*DATASET SECTION*

__________________________________________________

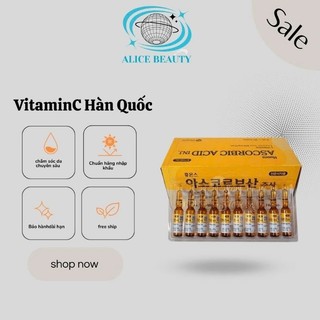 Vitamin C Ống Hàn Quốc Cải Thiện Làn Da, Chống Lão Hõa Dưỡng Trắng Da Làm Đều Màu Da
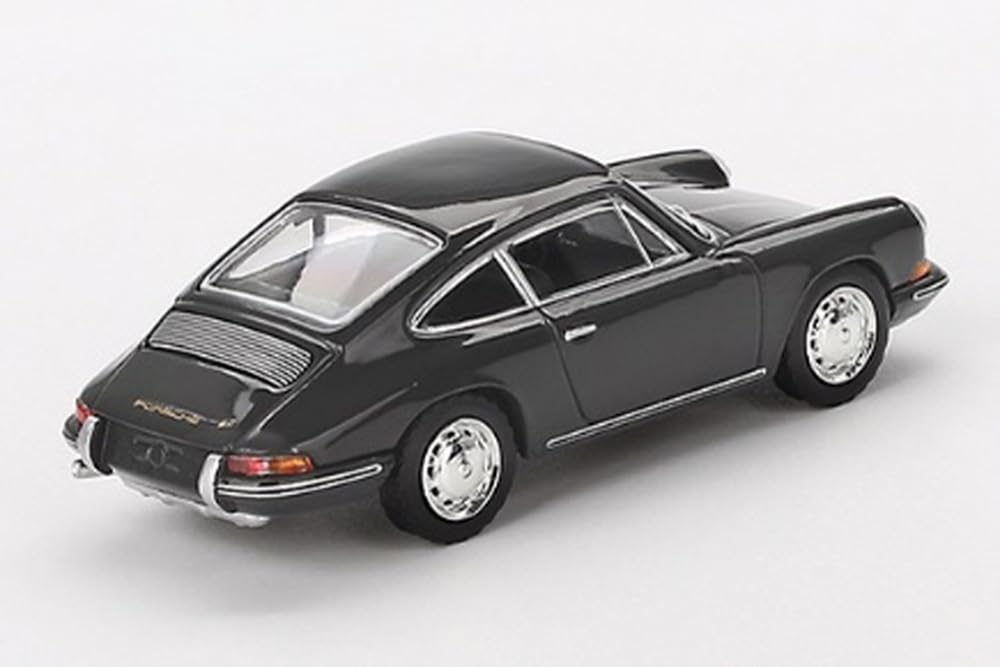 Sunrich MINI GT Porsche 911 1964 Slate Gray Complete Model (Left-Hand Drive)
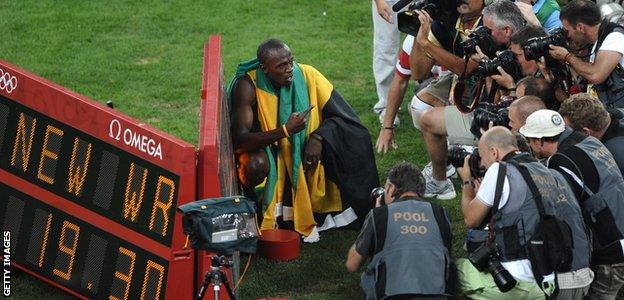 Usain Bolt 200m final, 2008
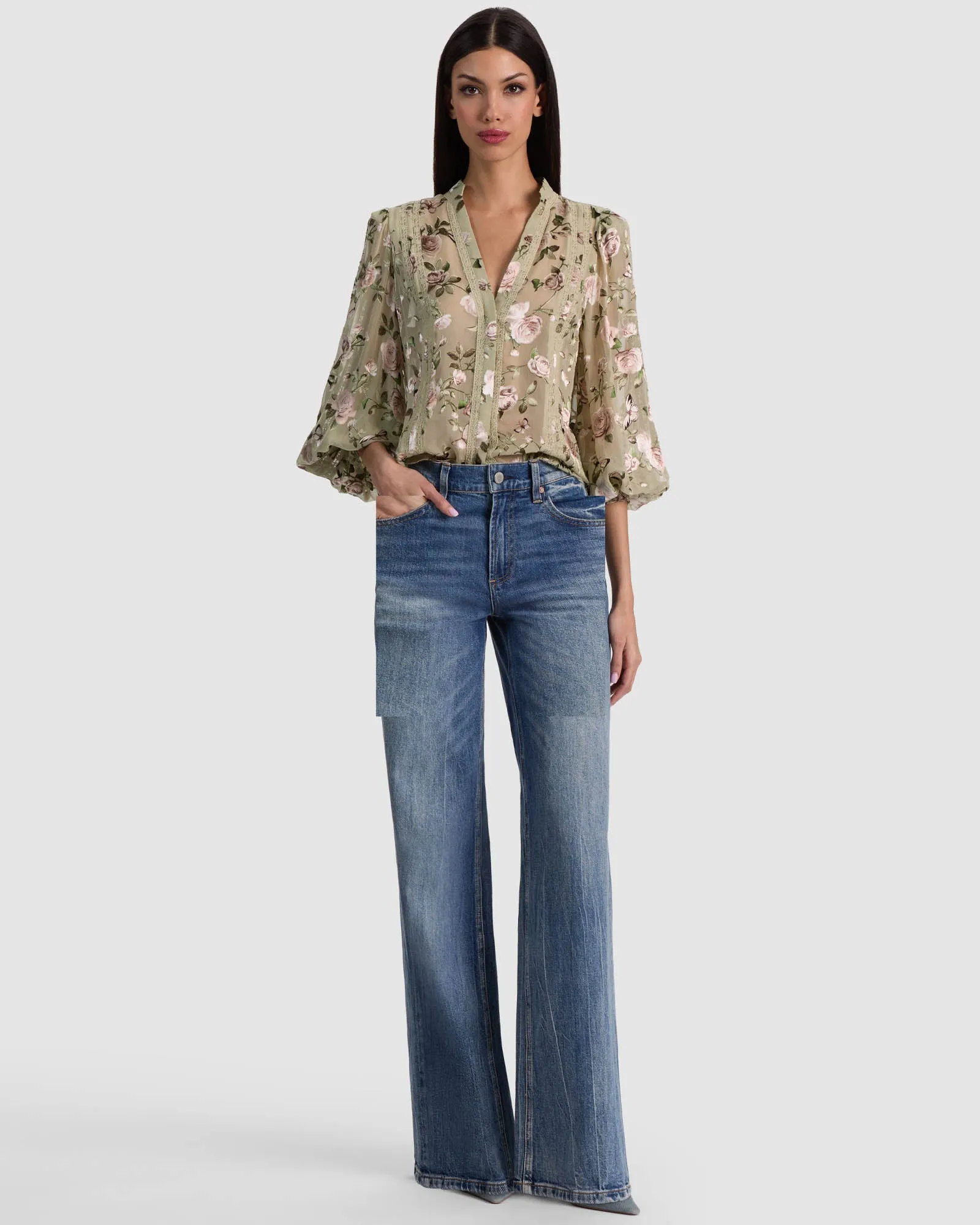 Arlette Blouse sold by TNT Fashion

__________________________________________________

The full listing, reproduced exactly and without pictures, is the expected output.

 Vitamin C Ống Hàn Quốc Cải Thiện Làn Da, Chống Lão Hõa Dưỡng Trắng Da Làm Đều Màu Da
 Sunrich MINI GT Porsche 911 1964 Slate Gray Complete Model (Left-Hand Drive)
 Usain Bolt 200m final, 2008
 Arlette Blouse sold by TNT Fashion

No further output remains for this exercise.